Will it take years for a thriving green market to develop?
Not at all. Some smart companies are already investing big bucks,
not waiting for government regulators to lower the boom. Wal-Mart is budgeting $500 million a year for emissions-cutting measures. Bank of America, Exelon, Swiss Re, and Toyota have all pledged to lower their contributions to global warming over the next few years.
Uncle Sam is buying in. The country’s biggest energy user, the Defense Department, is inking deals for new photovoltaic arrays.
Ditto, many towns and cities. They’re turning to solar panels for traffic signals and other lighting plus buying office furniture, cleaning supplies, and other products made from renewable materials.

The economy
The housing market will stay in the doldrums well into next year.
The subprime mess has a very long tail.
The number of loans facing interest rate changes has yet to peak in this risky mortgage class. It will stay high through fall of next year, keeping foreclosures ... and supply ... on the rise.
Leading home builders are downbeat, despite March’s surprise gain in housing starts. The figures are distorted by a surge in building in the Midwest after the snow and cold of February. Other regions showed significant slowdowns.
Inventory levels are worrisome. They’re at 8.1 months of supply for new homes, marking the highest level since January 1991, when the housing market was in a nasty decline.
Housing’s prolonged slump will pressure the economy next year, forcing other sectors to carry more of the load to support growth.

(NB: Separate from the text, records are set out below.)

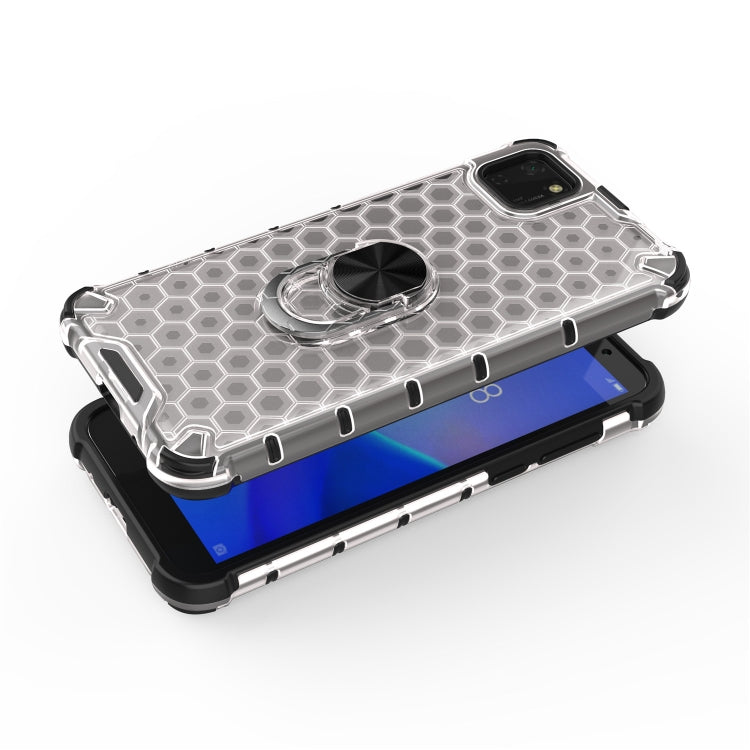 For Huawei Y5p 2020 Shockproof Honeycomb PC + TPU Ring Holder Protection Case
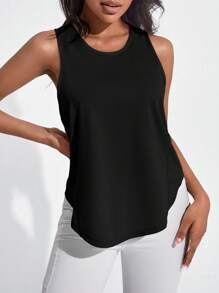 Gameset SHEIN Sport Top tank deportivo unicolor de espalda nadadora - Negro - Ver 4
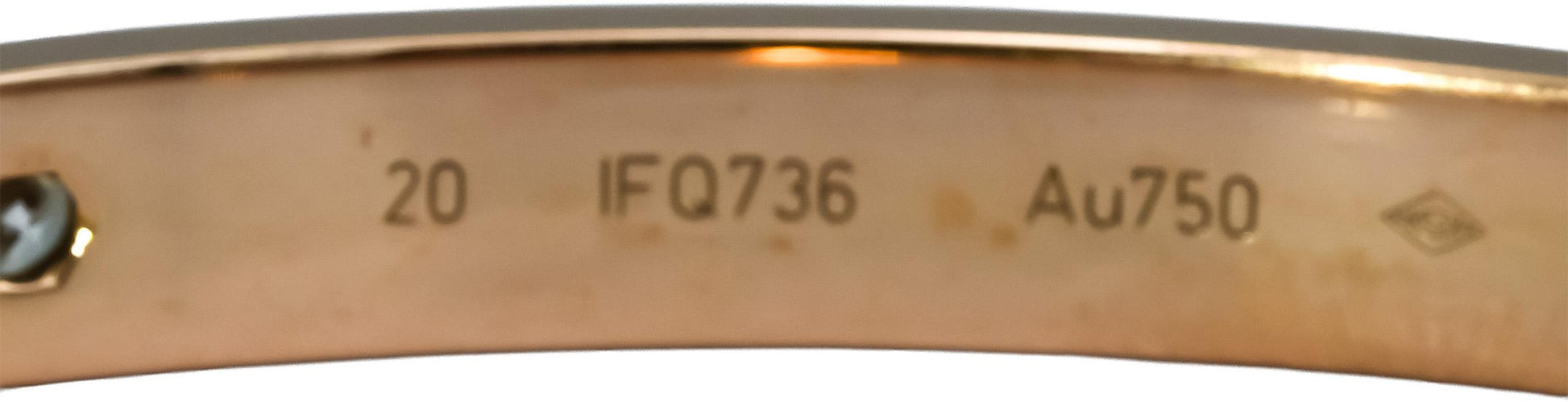 CARTIER 18k Gold Diamond Love Screw Motif Bangle Bracelet .42CT w/ Pouch Sz 20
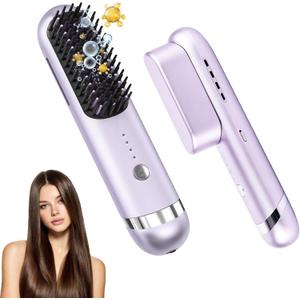 New Go Brush Pro 2026 Cordless Hair Straightener Brush, 280M Dual-Pole Ions, 1-Min MCH Fast Heat, 4000mAh 45-Min Runtime,TSA Mini& Travel,Auto Shut-Off,121 Teeth For Anti-Scald Frizz-Free Salon Smooth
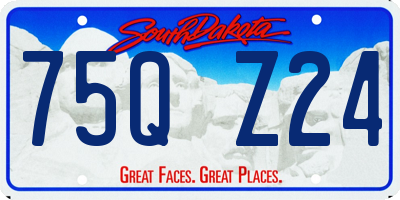 SD license plate 75QZ24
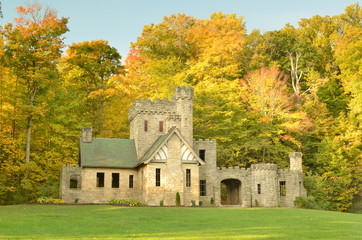 Squire's Castle with Autumn trees background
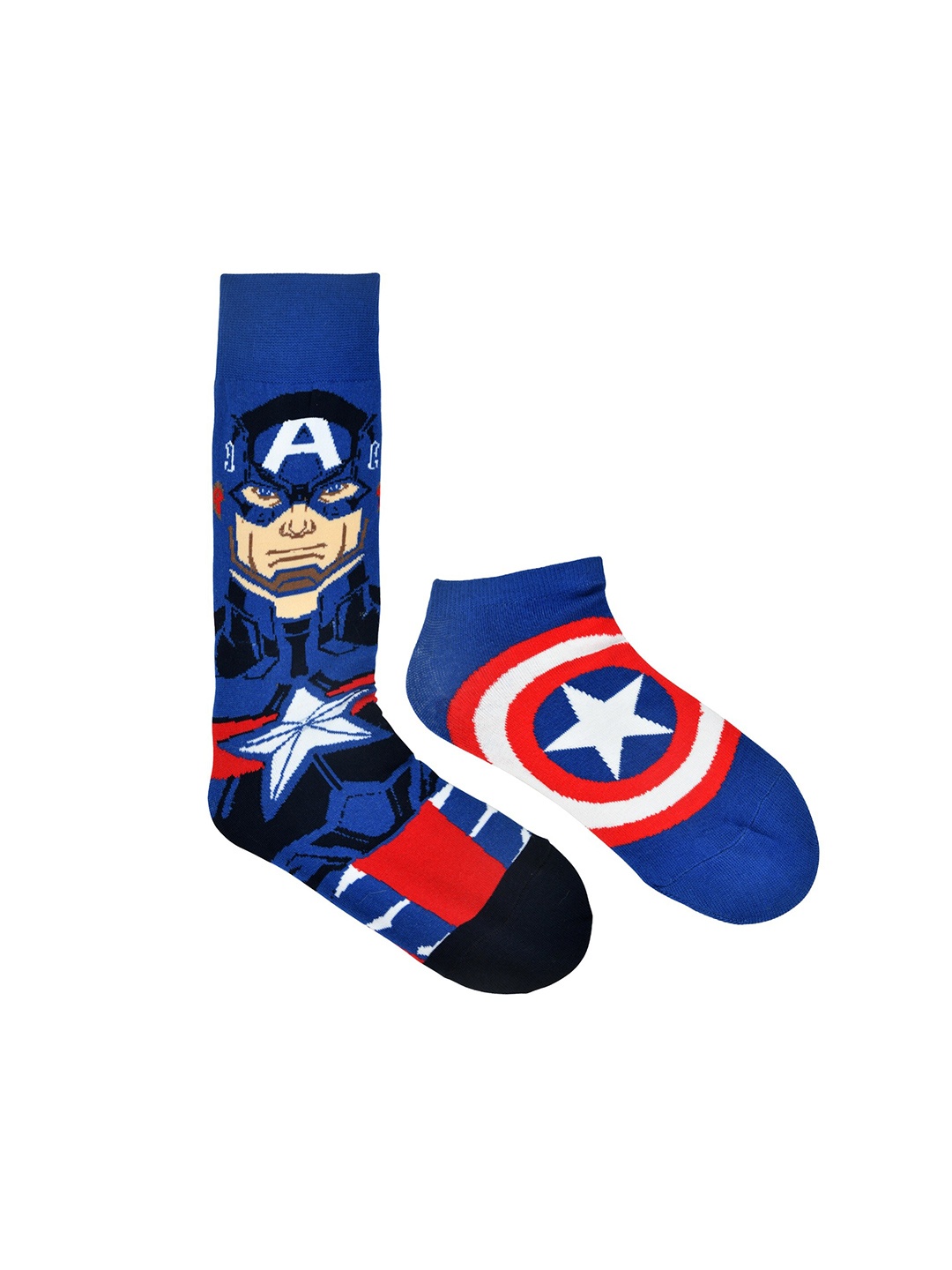 

Balenzia x Marvel Men Pack Of 2 Captain America Patterned Ankle & Calf Length Socks, Blue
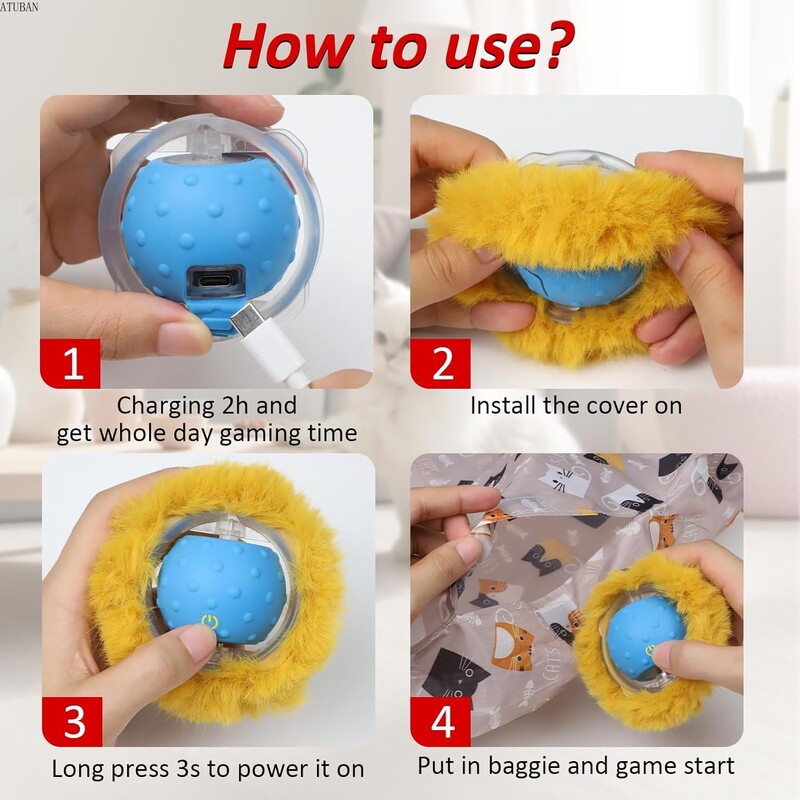 ATUBAN elektriskās rotaļlietas kaķiem, paslēpes kaķēnu rotaļlieta, kustība aktivizējama interaktīva kaķu rotaļlieta, slēpta pārsega vingrošanas rotaļlieta iekštelpu kaķiem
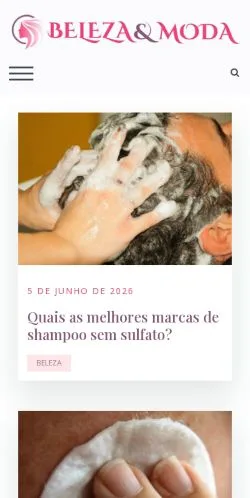 Anteprima del sito Beleza e Moda, media di Brasile per articoli sponsorizzati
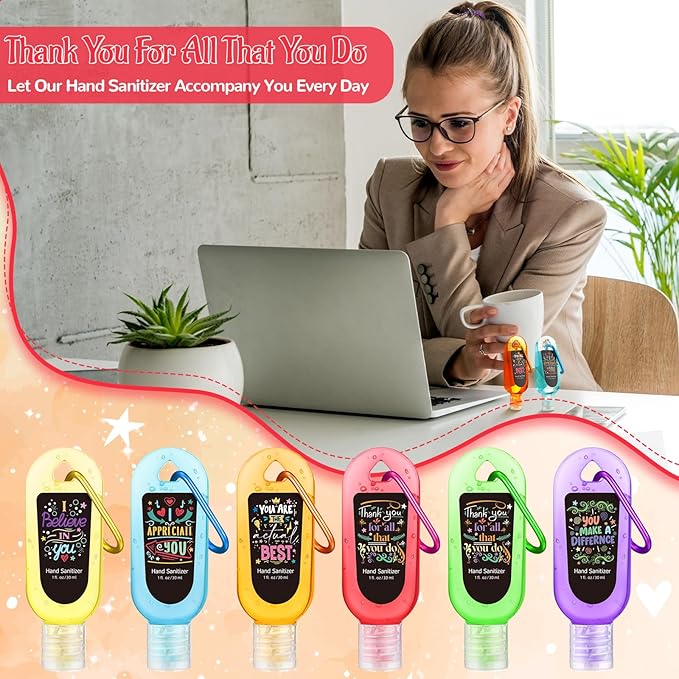 24 Pack Inspirational Scented Hand Sanitizers Keychain Gift Mini Hand Sanitizer Bulk 1 oz Travel Size Sanitizer Gel Thank You Gift for Teachers Women Team Coworker Graduation Party Favors
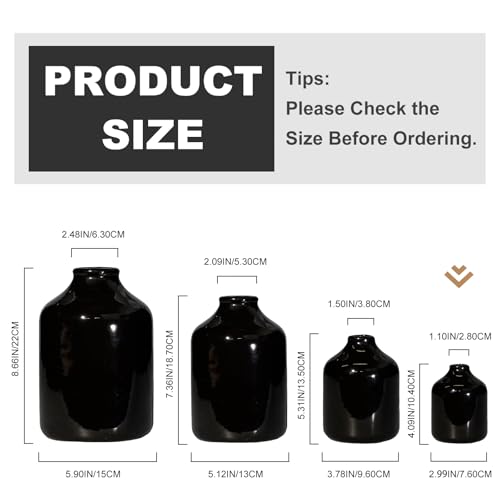 Sunddo Ceramic Flower Vase for Pampas Grass - 4 Inch Small Black Vase for Centerpieces, Bottle Modern Decorative Vases Home Decor, Bathroom, Window Sill, Nightstand, Desk Decor - color: Black, size: 4 inch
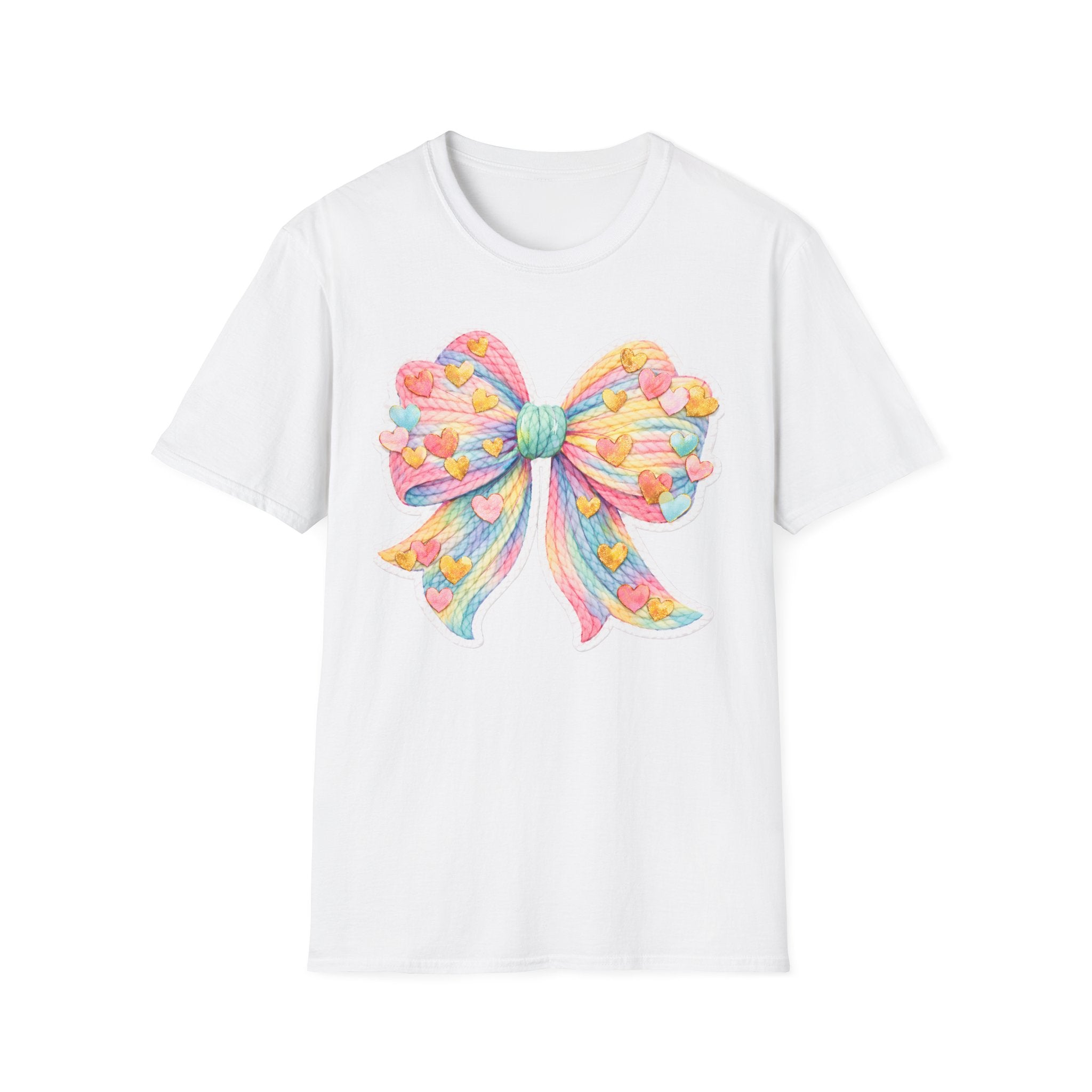 Pastel Rainbow Bow T-Shirt — Cute Heart Confetti Graphic Tee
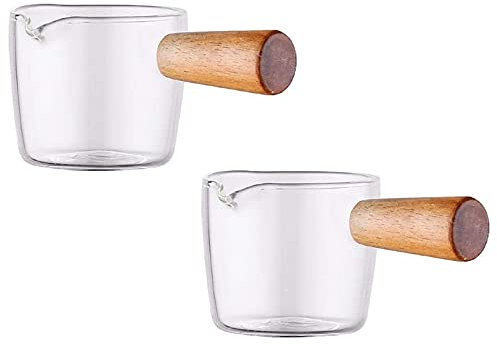 JIVIMOCO Scrematrice nel Vetro Trasparente da 2 Pezzi con Manico nel Legno, Mini Brocca per Scrematrice per caffè e Latte. 100 Ml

With Congress rejecting calls to bail out subprime borrowers ...
Some states are acting on their own to limit foreclosures.
Ohio is selling $100 million in taxable bonds and will use the proceeds to refinance shaky adjustable mortgages into fixed-rate loans at 6.75%. The state’s cost: $3,300 per loan, well below the $80,000 that foreclosure and resale typically cost the homeowner, lender, and local government.
Other states are also looking to help beleaguered homeowners, including California, Colorado, Maryland, Massachusetts, Minnesota, Rhode Island, Virginia, Washington, and Wisconsin.

Congress will put the rating agencies in the hot seat soon, probing conflicts of interest and asking why Standard & Poor’s, Moody’s, and Fitch were slow to cut their ratings on subprime-backed securities.